OSGi is a hardware-independent, dynamic software platform that simplifies the process of modularizing distributed applications and their services, and managing them throughout their entire life cycle (Wütherich et al. 2008). The OSGi platform requires a Java Virtual Machine (JVM) and provides a framework on the basis of the JVM. The OSGi alliance (Open Service Gateway initiative) is an industry consortium consisting of a number of manufacturers from different sectors, which originally developed the platform for use in embedded systems. The most important features of OSGi are as follows:
- OSGi architecture: OSGi defines the following layers as its base architecture:
- Execution environment
- Module
- Life cycle
- Services
- Security
- Applications
- Component model: The fundamental component model consists of a bundle. In OSGi, bundles are also referred to as services, which are managed in a service registry. However, the concept of a service in OSGi has nothing in common with the concept of a service in an SOA. The specification of the OSGi service platform defines a runtime environment (container) based on a Java Virtual Machine and Java base architecture. OSGi focuses on the component, which is packaged as a bundle, and which can publish its interface through the service registry, making it available for use. A monitored life cycle is defined for such components.
- Collaborative Software Environment: OSGi bundles can collaborate through the OSGi service registry, in which the services a bundle provides are registered.
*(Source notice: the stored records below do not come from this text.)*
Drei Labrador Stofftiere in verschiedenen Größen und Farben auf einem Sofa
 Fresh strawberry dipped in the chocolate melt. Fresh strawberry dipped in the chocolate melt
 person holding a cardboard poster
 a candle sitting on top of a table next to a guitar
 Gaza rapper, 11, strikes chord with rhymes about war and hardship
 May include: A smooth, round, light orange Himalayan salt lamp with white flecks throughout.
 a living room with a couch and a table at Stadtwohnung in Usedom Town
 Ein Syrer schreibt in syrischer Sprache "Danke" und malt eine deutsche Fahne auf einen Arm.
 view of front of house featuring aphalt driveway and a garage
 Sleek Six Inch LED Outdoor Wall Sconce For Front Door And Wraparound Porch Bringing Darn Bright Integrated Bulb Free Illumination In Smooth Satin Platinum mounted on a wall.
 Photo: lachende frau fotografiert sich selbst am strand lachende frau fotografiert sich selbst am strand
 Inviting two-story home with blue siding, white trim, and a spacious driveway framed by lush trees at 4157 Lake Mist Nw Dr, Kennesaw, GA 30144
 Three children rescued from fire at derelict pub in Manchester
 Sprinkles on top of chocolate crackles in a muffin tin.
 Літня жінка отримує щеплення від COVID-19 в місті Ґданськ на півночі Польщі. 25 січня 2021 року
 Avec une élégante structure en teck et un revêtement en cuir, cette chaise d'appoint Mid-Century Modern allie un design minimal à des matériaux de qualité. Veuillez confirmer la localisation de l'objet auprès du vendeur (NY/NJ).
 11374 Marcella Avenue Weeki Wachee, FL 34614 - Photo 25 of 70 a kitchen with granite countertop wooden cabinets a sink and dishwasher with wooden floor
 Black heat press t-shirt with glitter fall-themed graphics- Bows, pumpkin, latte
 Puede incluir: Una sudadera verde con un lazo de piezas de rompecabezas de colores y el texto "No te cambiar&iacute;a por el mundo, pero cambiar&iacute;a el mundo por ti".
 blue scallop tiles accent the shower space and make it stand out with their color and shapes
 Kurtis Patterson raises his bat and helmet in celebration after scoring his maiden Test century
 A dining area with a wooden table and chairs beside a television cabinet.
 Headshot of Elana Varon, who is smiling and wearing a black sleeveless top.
The specification of the OSGi service platform defines a runtime environment (container) based on a Java Virtual Machine (JVM). One of the important enhancements is the option of equipping the software bundles with independent class loaders and, therefore, running different versions of the same software in parallel on the same JVM. In addition, the OSGi container gives the bundles their own service life cycle, which enables services to be installed, started, stopped, removed, and updated at runtime. Both these factors—versioning and life cycle—are of particular interest in productive environments where high levels of availability are needed. OSGi is therefore ideal for integrating embedded systems, for example, as there is no maintenance window needed for upgrading components.
OSGi has published 4 specifications. The majority of OSGi implementations are based on the release 3 specification from 2003 (OGSi 2003). Well-known implementations include the Eclipse 3.0 platform (Gruber et al. 2005) and the "software in the car" platform developed by BMW (Saad 2003) and Daimler (Heinisch, Simons 2004). As of October 2009, there are five certified OSGi implementations for release 4.
The architecture of the OSGi service platform enables a range of independent service modules to be run in parallel on the same JVM and allows them to be monitored, managed, and updated throughout the entire software life cycle, as shown in the preceding diagram. Remote maintenance is also possible. The interdependencies of bundles are resolved and managed by the OSGi container. The implementations and products that are currently available consist of the OSGi framework and a number of existing software bundles, which, because of their modular structure, can be dynamically added to or removed from a runtime environment.
The current OSGi specification focuses on the component, which is packaged as a bundle. A compoment can publish its interface using the service registry and make it available for use. Components of this kind have a monitored life cycle with options for (re)deployment.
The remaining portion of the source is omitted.